In this embodiment the back board 4 is an elliptical shape. In each pair of friction members 3, at a portion on an opposite side to a portion facing the other friction member 3, the back board 4 has substantially the same radius of curvature as the respective friction members 3, and an edge of the friction member 3 and an edge of the back board 4 substantially overlap. The arrangement direction of the pair of friction members 3 that are connected by the back board 4 is not particularly limited, and the pair of friction members 3 may be arranged in the radial direction of the brake disk 1, may be arranged in the circumferential direction, or may be arranged in a direction other than the radial direction and circumferential direction.

Each friction member 3 is fastened to the base plate 6, as well as the back board 4, by the rivet 7 that is inserted through the small hole 3a in the center portion of the individual friction members 3. That is, each friction member 3 is supported by the base plate 6 by means of the rivet 7 at a region that includes the center portion of the respective friction members 3. On a back surface side of each friction member 3, the spring member 5 is disposed between the back board 4 and the base plate 6. By this means, the plurality of friction members 3 are in a state in which each friction member 3 is elastically supported individually.
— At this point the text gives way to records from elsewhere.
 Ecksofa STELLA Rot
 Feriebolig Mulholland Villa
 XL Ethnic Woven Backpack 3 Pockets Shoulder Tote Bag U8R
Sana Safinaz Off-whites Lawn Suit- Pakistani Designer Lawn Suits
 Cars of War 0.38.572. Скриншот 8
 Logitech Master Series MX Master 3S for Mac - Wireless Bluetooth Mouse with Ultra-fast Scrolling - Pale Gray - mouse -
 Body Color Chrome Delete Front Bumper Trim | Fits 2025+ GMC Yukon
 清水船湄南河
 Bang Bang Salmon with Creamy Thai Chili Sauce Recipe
Note that although disk springs are shown as an example of the spring members 5 in FIG. 2C, plate springs or coil springs may also be used as the elastic members 5.
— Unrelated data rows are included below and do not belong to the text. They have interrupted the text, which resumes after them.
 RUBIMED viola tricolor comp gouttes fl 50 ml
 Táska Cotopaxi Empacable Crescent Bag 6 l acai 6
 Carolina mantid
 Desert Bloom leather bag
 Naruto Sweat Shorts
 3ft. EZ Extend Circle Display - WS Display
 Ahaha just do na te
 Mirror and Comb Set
According to the disk brake including the brake lining 2 having the configuration described above, each friction member 3 is individually movable. By this means, the contact surface pressure between the brake lining 2 and the brake disk 1 during braking motion can be uniformized.

Further, because each pair of friction members 3 is in a state in which the pair of friction members 3 are connected together by a one-piece back board 4, the movements thereof are constrained in comparison to a case where the friction members 3 are not connected together by a back board. Therefore, the frictional coefficient between the brake disk 1 and the brake lining 2 can be stabilized regardless of the running speed of the vehicle at the start of braking motion.

Furthermore, since each pair of friction members 3 is fastened to the base plate 6 by two rivets 7 as fastening members, a pair of friction members 3 does not rotate on the spot during braking motion, and thus looseness can be prevented from arising at portions at which the friction members 3 are fastened to the base plate 6. Even if the looseness arises at the fastening portions, the friction members 3 will not immediately fall off unless the fastening portions at the two locations are damaged at the same time. Therefore, sufficient durability and sufficient reliability of the disk brake can be ensured.

Since each of the friction members 3 is elastically supported with the position of the rivet 7 that is directly below the center portion thereof acting as a support point, the friction members 3 do not incline significantly even if the friction members 3 contact with the brake disk 1 and move during braking motion, and the entire contact surface of each friction member 3 becomes worn uniformly over the whole area thereof, and partial wearing of the friction members 3 does not occur.

In the brake lining 2 of the present invention, as shown in FIG. 2A and FIG. 2B, a width (hereunder, referred to as “connection portion width”) W of a portion 4a (that is, a connection portion that connects the friction members 3) of the back board 4 which is a portion corresponding to the space between the paired friction members 3 that are fastened to the back board 4 is larger than a width D of the friction member 3. That is, 1<W/D. In this embodiment, the width D of the friction member 3 is equal to the diameter of the friction member 3. The term “width” refers to the length in the direction that is perpendicular to the arrangement direction of the paired friction members 3.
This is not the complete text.